Los campesinos no tienen miedo de señalar a los grandes terratenientes que están acaparando unas tierras que, por ser baldíos de la nación, no están tituladas y por tanto no son de nadie, lo que las pone a disposición de quien llegue para adjudicárselas irregularmente. Y recuerdan que “tumbar” no es barato.
Según Moreno, deforestar una hectárea cuesta aproximadamente entre 500.000 y 700.000 pesos (casi 160 dólares al cambio de hoy). “Una persona que tumba 100 hectáreas tiene importantes recursos, el campesino medio y de bajos recursos no tiene esa capacidad”, indica el experto. Una vez deforestada, restaurar una hectárea cuesta aproximadamente unos 10 millones de pesos (unos 2.200 dólares) para lograr llevar ese bosque a la condición natural original.

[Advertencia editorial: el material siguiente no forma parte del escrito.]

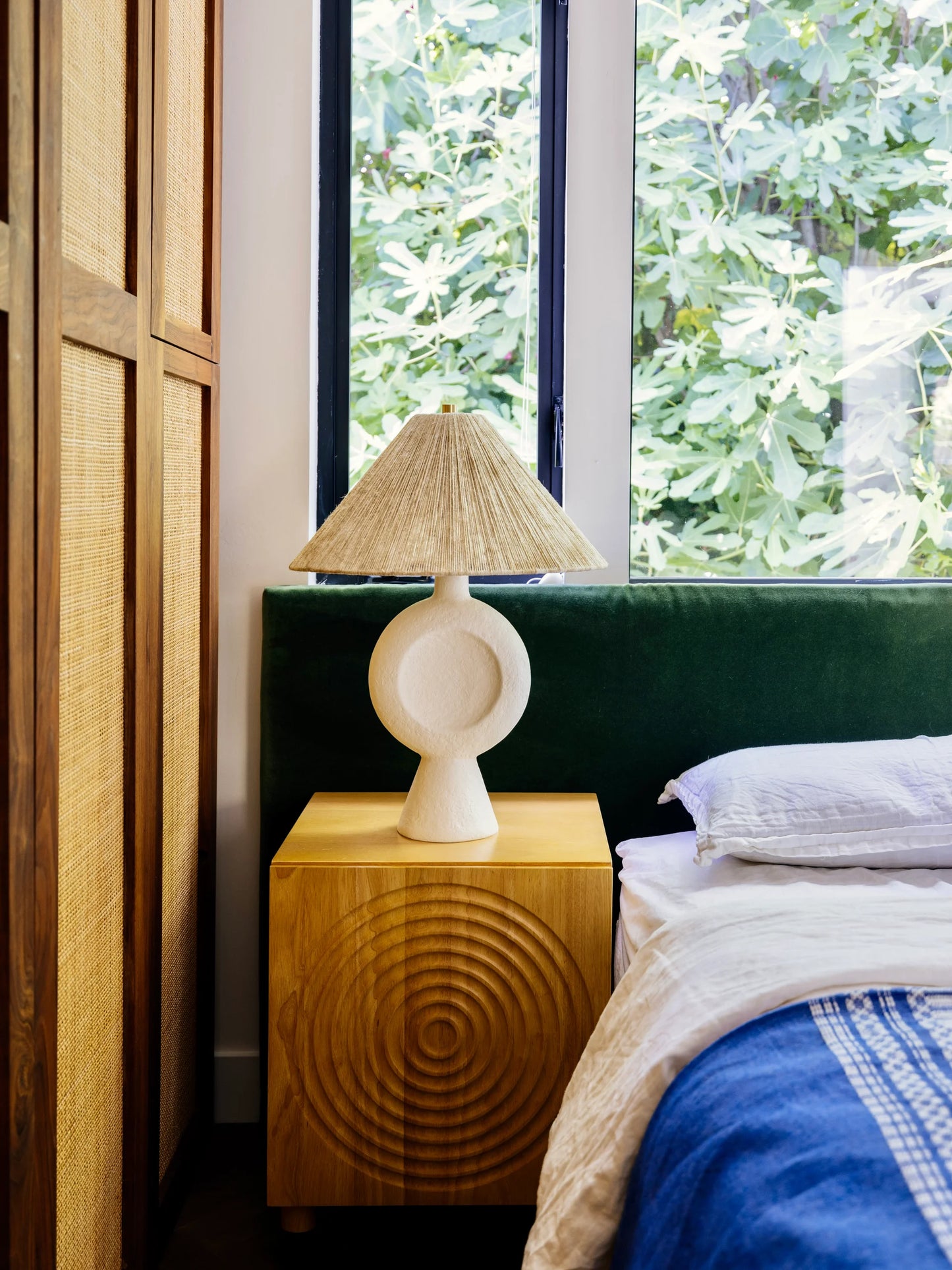 Bedroom with wooden nightstand, lamp, and green headboard.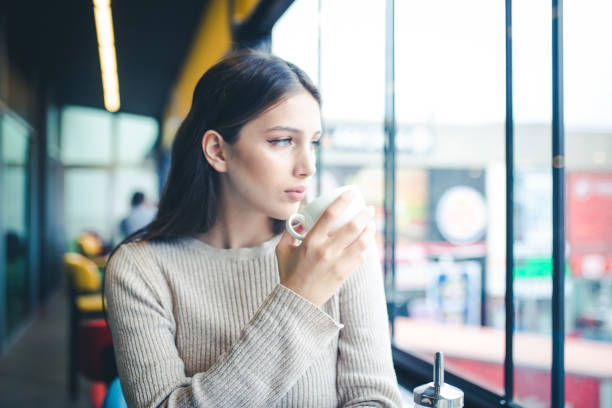 istock women who is enjoy in cafe 1086227558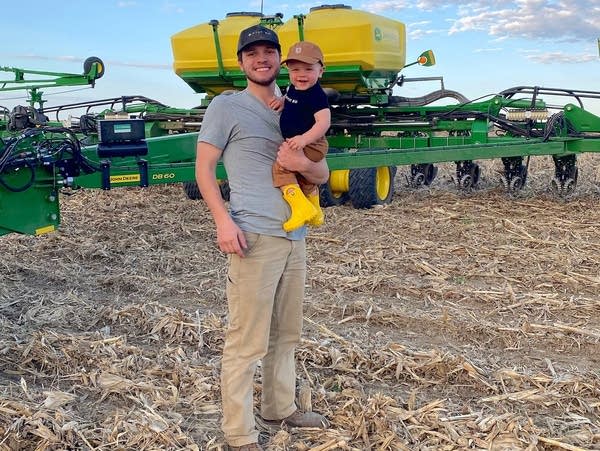 a man holding a small boy in a farm field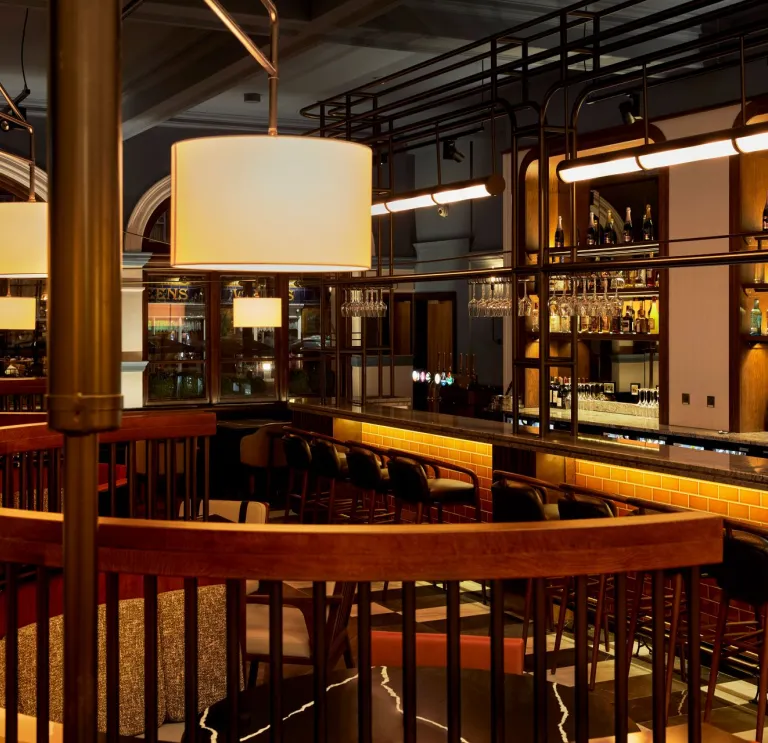 A restaurant in a hotel with bar stools against the fully stocked bar.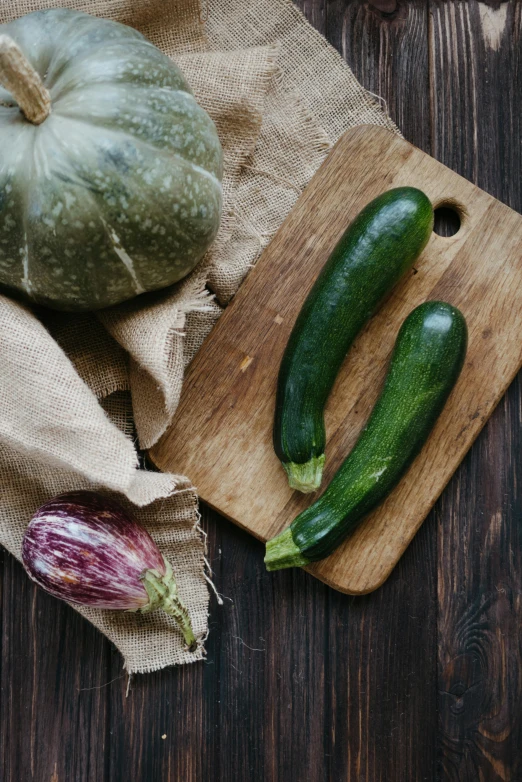 a couple of zucchini sitting on top of a wooden cutting board, unsplash, renaissance, green and purple, square, ingredients on the table, no - text no - logo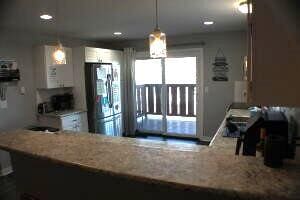 kitchen with decorative light fixtures and stainless steel refrigerator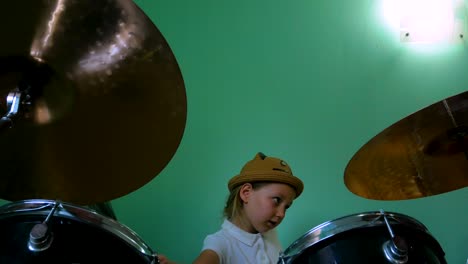 kid studying drums at music school. black drum kit. little musician drummer with drum brushes training on green wall background. blonde child girl in hat playing and smiling at lesson. 4k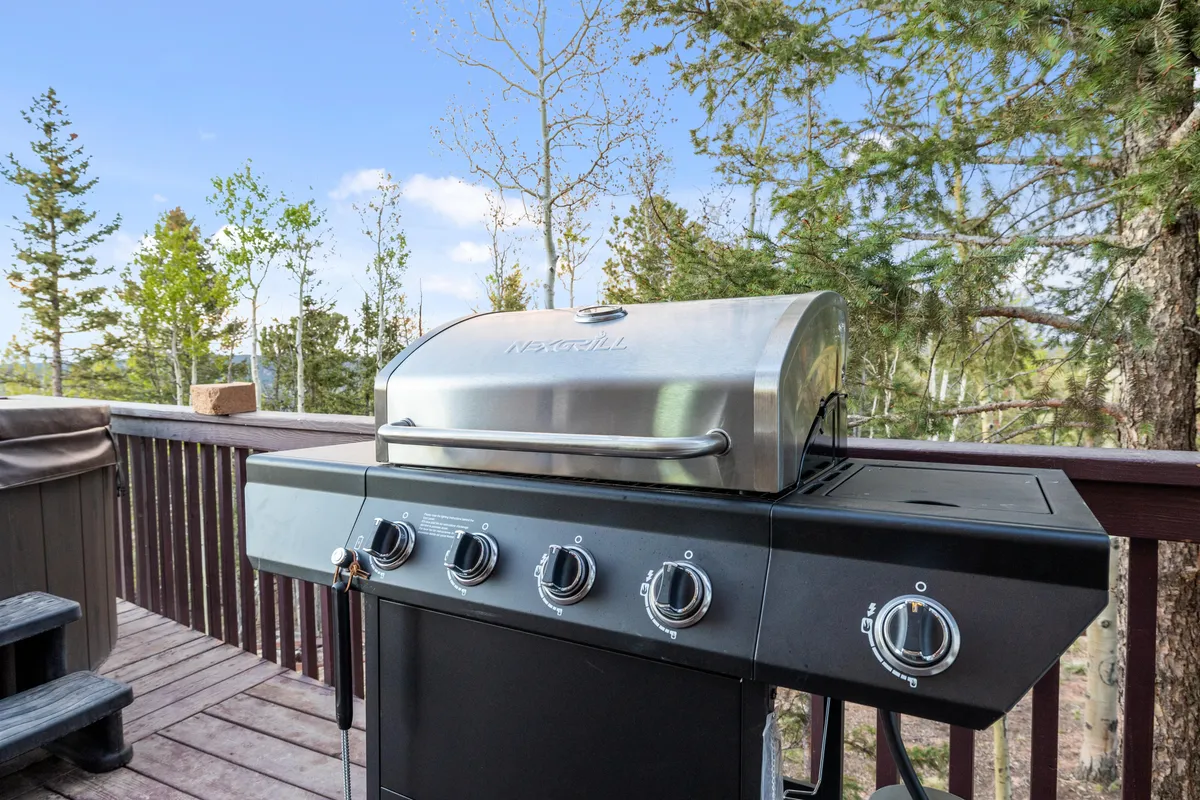 An inviting exterior image of a wooden deck with a modern grill, surrounded by lush trees. The setup is ready for outdoor dining and social gatherings, emphasizing the space for group activities and alfresco meals.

La deforestación hace tiempo dejó de ser una cuestión meramente ambiental en el Guaviare para adquirir una dimensión social y cultural que no siempre se entiende desde los centros de poder en los que se toman las decisiones, es decir, en Bogotá, lo que ha hecho que las medidas y políticas impulsadas para atajar este fenómeno hayan sido infructuosas hasta el momento.
Desde el Guaviare, la selva lanza un grito de auxilio que no está siendo escuchado mientras las llamas abren el paso a las vacas.